Only a number is wanted here: how many lines in the records below contain the string "Friendly".
***
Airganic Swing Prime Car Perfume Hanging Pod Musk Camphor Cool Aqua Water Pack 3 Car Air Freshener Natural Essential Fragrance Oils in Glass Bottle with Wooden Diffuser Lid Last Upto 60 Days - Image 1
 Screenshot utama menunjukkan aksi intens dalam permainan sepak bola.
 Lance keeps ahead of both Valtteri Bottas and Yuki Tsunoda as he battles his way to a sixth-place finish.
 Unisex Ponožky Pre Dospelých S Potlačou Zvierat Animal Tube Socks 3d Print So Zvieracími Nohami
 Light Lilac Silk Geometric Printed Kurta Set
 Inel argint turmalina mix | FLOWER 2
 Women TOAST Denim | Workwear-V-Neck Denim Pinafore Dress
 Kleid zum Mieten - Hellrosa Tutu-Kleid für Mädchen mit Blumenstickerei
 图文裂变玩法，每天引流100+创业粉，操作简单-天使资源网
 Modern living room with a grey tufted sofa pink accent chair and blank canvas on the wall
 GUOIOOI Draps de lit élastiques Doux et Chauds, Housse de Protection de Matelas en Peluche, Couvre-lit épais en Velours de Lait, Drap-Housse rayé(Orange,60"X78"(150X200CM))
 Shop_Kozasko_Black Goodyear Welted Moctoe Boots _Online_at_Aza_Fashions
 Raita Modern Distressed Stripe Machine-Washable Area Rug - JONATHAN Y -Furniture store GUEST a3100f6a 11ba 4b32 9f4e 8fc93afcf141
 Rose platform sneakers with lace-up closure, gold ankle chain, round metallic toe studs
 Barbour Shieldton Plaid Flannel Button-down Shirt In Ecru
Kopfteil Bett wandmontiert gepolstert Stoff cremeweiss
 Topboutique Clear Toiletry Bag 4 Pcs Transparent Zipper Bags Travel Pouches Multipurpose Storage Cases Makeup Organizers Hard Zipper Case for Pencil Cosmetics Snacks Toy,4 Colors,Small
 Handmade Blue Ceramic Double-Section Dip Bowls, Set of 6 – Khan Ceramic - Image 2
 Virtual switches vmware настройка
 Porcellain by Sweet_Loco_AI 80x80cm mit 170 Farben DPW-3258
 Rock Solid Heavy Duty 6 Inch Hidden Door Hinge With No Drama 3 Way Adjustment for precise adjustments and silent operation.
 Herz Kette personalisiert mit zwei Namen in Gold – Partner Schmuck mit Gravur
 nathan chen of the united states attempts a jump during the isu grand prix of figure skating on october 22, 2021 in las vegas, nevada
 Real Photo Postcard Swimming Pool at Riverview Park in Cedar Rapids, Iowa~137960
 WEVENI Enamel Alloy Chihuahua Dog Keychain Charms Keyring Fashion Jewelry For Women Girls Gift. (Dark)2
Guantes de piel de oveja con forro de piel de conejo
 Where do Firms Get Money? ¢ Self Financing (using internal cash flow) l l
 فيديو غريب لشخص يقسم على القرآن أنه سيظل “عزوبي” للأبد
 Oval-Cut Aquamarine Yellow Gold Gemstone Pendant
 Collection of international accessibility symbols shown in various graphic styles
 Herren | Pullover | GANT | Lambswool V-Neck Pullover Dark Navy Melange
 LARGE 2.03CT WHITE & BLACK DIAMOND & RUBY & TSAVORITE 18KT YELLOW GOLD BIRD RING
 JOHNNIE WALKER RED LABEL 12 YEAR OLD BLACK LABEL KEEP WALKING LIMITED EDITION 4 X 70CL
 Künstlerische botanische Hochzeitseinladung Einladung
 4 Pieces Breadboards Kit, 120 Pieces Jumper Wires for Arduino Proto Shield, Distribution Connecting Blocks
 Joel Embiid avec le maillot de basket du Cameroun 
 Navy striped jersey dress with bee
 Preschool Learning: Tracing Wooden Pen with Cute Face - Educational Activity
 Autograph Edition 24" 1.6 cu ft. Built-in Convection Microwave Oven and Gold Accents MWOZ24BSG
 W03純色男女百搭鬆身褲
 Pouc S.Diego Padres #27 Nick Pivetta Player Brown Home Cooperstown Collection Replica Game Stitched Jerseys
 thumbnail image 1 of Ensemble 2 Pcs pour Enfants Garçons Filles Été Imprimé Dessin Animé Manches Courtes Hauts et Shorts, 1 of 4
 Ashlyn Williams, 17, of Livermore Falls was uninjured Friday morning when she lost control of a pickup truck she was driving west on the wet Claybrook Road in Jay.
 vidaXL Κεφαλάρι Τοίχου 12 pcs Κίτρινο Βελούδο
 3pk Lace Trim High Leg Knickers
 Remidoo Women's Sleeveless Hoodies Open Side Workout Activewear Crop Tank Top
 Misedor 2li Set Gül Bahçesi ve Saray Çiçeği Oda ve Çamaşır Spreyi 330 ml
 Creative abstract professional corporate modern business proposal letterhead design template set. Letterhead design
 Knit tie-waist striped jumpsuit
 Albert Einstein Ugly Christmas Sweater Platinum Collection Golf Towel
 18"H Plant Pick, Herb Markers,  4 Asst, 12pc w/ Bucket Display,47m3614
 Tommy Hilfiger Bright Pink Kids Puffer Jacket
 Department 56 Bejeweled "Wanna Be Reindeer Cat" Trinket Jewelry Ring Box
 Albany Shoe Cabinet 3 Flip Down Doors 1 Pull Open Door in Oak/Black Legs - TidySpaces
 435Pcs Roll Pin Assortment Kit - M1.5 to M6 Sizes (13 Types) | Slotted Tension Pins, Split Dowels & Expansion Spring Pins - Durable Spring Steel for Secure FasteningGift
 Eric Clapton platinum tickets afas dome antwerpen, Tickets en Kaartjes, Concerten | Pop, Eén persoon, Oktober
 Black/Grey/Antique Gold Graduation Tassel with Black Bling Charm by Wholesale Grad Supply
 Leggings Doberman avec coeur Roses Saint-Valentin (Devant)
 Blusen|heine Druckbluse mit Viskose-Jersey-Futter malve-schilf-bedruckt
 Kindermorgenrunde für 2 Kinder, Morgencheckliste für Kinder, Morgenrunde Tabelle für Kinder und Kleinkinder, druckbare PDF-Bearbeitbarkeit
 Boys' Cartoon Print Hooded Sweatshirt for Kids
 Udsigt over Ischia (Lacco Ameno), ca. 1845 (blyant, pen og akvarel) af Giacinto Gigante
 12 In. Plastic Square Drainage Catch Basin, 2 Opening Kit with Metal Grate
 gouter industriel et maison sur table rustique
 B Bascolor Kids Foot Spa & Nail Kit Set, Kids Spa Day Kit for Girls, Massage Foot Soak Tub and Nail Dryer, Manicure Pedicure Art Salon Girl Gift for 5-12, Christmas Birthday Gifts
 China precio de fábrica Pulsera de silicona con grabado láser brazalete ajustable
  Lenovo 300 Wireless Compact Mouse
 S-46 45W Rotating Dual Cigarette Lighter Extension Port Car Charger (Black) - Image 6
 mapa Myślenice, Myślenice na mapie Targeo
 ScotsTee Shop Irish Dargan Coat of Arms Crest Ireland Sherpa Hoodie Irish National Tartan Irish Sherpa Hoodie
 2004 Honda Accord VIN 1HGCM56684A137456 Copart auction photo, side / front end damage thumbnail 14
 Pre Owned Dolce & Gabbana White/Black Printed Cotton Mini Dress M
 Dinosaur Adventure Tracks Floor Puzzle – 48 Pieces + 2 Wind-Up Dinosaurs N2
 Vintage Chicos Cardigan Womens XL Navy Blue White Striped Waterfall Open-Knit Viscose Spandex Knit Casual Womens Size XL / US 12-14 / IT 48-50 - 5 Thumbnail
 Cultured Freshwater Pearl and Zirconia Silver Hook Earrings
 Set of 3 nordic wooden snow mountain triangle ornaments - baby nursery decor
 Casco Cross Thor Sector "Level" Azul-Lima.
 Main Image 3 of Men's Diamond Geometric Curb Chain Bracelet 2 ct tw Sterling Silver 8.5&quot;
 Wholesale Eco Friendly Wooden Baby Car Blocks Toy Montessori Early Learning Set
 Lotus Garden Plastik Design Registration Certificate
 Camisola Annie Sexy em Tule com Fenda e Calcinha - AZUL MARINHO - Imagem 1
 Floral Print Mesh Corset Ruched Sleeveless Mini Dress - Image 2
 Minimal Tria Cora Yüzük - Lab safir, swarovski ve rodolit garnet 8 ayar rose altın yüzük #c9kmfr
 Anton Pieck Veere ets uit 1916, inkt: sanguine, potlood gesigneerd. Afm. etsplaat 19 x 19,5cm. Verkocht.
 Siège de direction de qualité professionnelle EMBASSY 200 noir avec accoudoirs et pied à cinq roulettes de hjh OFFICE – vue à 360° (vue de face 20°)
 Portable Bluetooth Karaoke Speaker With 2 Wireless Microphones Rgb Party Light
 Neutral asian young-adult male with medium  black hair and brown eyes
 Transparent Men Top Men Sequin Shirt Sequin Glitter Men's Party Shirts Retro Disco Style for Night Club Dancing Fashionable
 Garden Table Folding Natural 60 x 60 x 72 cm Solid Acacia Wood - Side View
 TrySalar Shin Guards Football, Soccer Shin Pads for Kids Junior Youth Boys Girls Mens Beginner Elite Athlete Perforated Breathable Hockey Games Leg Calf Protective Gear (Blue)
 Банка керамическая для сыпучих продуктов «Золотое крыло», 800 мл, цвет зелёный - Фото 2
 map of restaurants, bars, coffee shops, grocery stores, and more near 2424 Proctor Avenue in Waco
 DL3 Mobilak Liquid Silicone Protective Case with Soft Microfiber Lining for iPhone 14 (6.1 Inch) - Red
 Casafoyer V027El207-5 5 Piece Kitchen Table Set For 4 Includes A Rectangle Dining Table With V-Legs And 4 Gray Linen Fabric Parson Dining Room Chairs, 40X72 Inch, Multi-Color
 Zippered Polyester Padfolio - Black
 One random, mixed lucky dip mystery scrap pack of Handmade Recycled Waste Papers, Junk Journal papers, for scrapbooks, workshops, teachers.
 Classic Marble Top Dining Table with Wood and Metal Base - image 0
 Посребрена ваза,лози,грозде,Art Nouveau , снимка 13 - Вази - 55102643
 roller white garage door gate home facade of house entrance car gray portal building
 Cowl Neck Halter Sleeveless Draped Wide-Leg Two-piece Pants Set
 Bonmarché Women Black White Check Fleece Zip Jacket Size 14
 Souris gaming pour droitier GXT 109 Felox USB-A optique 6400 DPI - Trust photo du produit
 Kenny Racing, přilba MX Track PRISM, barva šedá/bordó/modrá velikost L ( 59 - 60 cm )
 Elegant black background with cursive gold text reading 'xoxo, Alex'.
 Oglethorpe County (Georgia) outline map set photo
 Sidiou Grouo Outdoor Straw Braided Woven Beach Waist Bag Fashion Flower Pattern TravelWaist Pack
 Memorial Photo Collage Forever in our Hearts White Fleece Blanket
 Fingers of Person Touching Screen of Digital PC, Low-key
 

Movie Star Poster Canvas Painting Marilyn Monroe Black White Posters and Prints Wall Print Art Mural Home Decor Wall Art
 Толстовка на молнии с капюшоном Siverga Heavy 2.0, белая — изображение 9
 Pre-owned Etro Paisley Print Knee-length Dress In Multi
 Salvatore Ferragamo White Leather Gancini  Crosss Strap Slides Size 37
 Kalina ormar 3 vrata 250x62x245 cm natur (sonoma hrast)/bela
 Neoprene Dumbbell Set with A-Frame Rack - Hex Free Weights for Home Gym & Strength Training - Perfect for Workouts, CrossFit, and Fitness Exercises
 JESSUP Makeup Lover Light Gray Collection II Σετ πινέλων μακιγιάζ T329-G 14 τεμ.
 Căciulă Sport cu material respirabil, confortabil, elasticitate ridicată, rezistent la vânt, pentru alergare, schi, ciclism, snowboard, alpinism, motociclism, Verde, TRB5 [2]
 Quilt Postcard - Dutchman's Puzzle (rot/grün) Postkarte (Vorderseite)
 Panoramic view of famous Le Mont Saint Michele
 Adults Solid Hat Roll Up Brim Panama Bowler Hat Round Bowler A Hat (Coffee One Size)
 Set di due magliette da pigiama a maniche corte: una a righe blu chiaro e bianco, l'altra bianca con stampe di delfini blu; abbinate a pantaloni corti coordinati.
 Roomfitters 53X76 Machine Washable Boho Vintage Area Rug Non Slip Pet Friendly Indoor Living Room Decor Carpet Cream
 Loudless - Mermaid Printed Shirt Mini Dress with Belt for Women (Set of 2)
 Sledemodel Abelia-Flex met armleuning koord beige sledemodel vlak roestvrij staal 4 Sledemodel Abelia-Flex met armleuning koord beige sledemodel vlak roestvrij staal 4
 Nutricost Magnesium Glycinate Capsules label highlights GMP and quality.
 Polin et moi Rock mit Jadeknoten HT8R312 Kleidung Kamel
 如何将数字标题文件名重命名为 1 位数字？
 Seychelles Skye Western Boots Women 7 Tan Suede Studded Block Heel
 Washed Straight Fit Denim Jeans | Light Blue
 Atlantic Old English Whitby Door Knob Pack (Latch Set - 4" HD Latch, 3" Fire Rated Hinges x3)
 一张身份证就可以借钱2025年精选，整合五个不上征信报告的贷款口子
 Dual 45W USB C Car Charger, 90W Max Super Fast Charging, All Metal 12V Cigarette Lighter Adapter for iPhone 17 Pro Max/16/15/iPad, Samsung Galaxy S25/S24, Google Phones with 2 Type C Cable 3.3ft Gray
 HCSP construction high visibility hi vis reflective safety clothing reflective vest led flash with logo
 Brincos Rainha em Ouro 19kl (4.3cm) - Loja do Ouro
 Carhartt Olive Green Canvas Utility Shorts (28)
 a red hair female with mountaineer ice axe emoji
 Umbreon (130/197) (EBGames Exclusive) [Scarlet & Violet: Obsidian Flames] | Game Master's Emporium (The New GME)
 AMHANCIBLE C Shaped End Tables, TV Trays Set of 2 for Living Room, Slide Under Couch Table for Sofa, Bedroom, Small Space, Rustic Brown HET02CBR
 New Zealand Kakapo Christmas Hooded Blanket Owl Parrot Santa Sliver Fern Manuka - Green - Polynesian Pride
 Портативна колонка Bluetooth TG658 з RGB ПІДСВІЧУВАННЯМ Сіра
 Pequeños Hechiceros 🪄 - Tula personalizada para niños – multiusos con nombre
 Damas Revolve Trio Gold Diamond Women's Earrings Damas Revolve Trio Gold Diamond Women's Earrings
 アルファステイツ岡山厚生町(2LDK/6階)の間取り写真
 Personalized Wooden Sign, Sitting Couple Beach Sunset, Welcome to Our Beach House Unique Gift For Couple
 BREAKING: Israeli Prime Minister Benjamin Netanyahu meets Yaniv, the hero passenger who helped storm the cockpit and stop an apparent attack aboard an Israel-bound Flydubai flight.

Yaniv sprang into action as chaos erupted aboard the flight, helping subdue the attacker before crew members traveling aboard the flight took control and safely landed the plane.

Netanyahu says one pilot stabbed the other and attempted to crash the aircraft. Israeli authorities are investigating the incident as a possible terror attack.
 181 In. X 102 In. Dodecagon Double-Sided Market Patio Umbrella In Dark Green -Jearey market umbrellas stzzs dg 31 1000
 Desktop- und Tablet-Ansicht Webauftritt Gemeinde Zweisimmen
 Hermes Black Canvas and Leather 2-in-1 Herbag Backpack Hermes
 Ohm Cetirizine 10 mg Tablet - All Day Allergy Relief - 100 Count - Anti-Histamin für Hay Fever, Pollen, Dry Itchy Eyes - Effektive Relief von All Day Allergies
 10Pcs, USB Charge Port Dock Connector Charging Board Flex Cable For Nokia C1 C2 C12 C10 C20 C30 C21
***
ANSWER BOX:
2